Assignment:
The required copy runs from the first line of the material through the line containing "Six extravagant TIFF", exactly as written and without pictures.

Start of The records

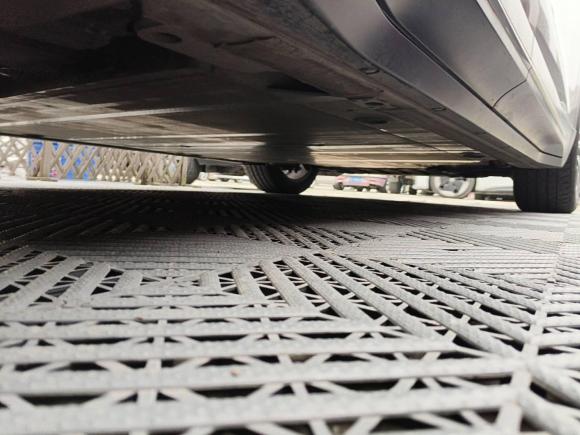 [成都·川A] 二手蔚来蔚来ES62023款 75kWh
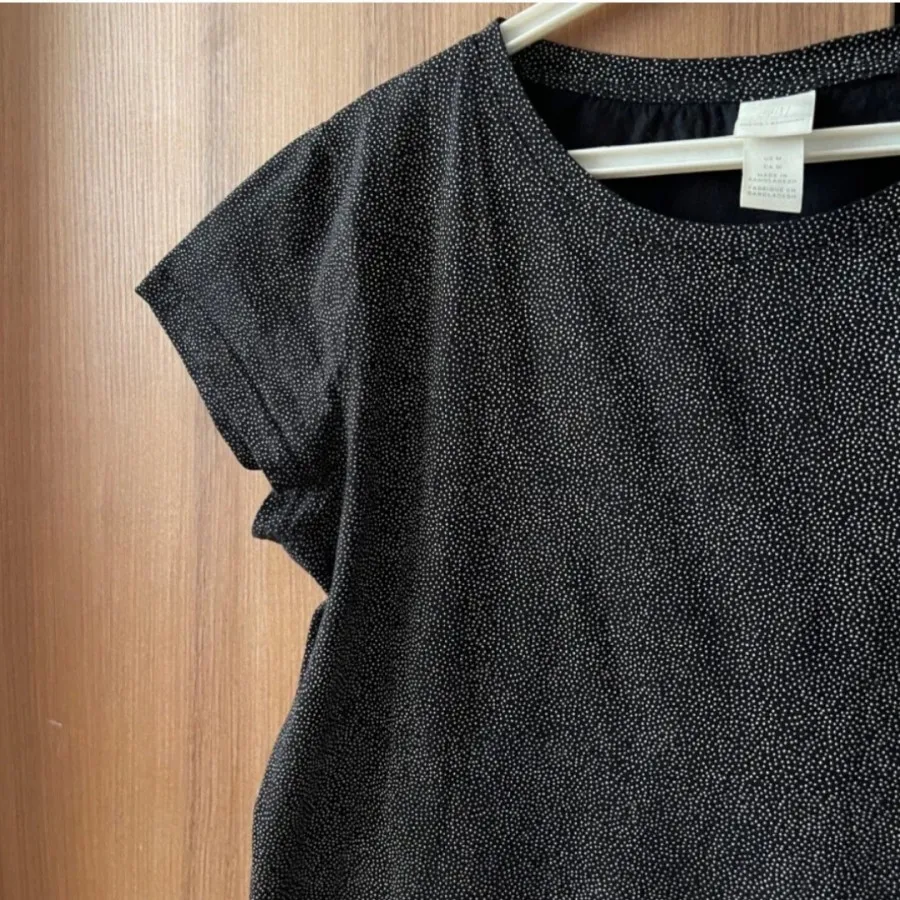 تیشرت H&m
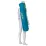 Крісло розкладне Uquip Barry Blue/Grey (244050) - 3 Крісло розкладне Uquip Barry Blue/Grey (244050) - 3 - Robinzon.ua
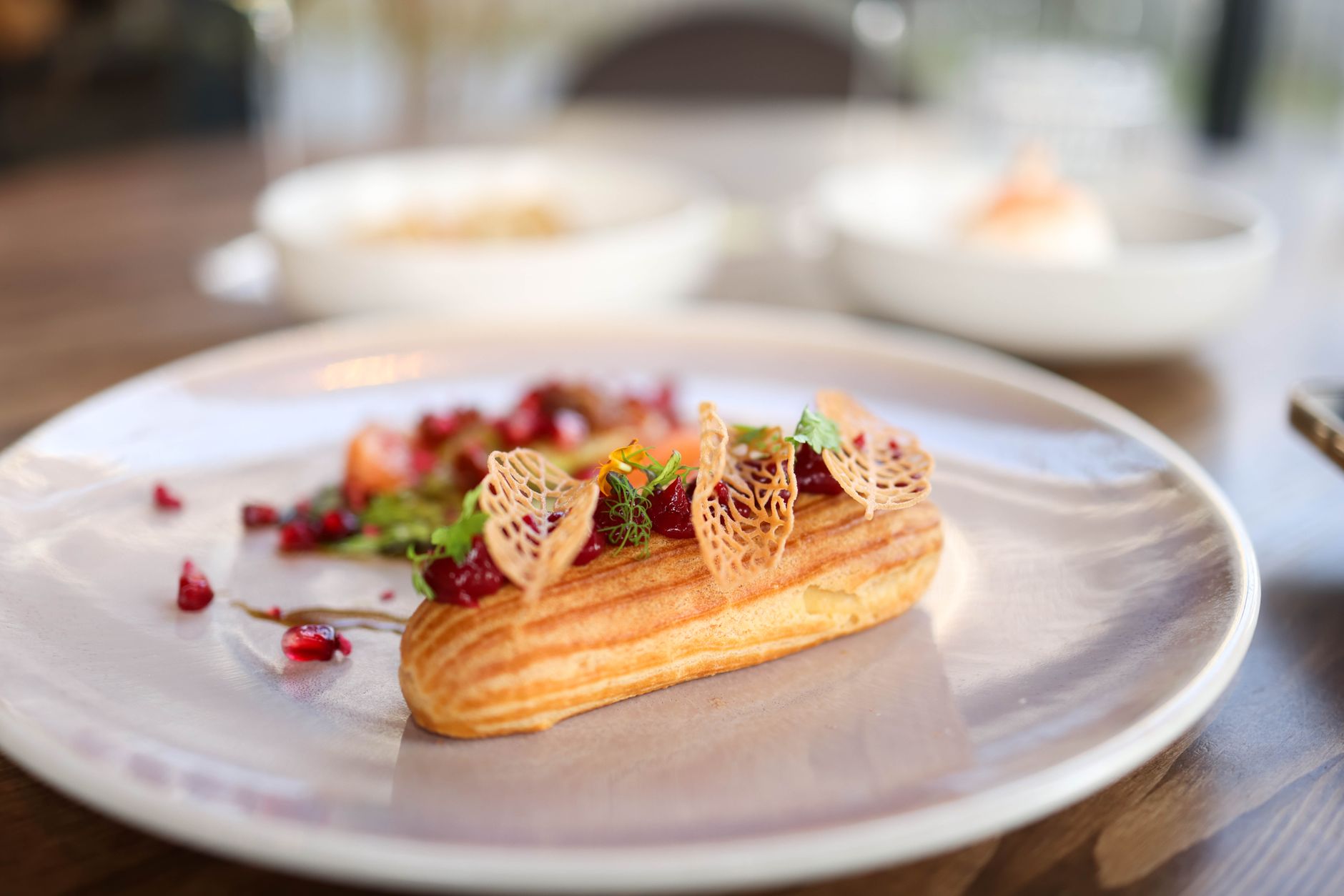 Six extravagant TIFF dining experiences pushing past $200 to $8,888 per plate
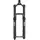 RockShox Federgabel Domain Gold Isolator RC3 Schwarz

End of The records

Exercise answer:
 [成都·川A] 二手蔚来蔚来ES62023款 75kWh
 تیشرت H&m
 Крісло розкладне Uquip Barry Blue/Grey (244050) - 3 Крісло розкладне Uquip Barry Blue/Grey (244050) - 3 - Robinzon.ua
 Six extravagant TIFF dining experiences pushing past $200 to $8,888 per plate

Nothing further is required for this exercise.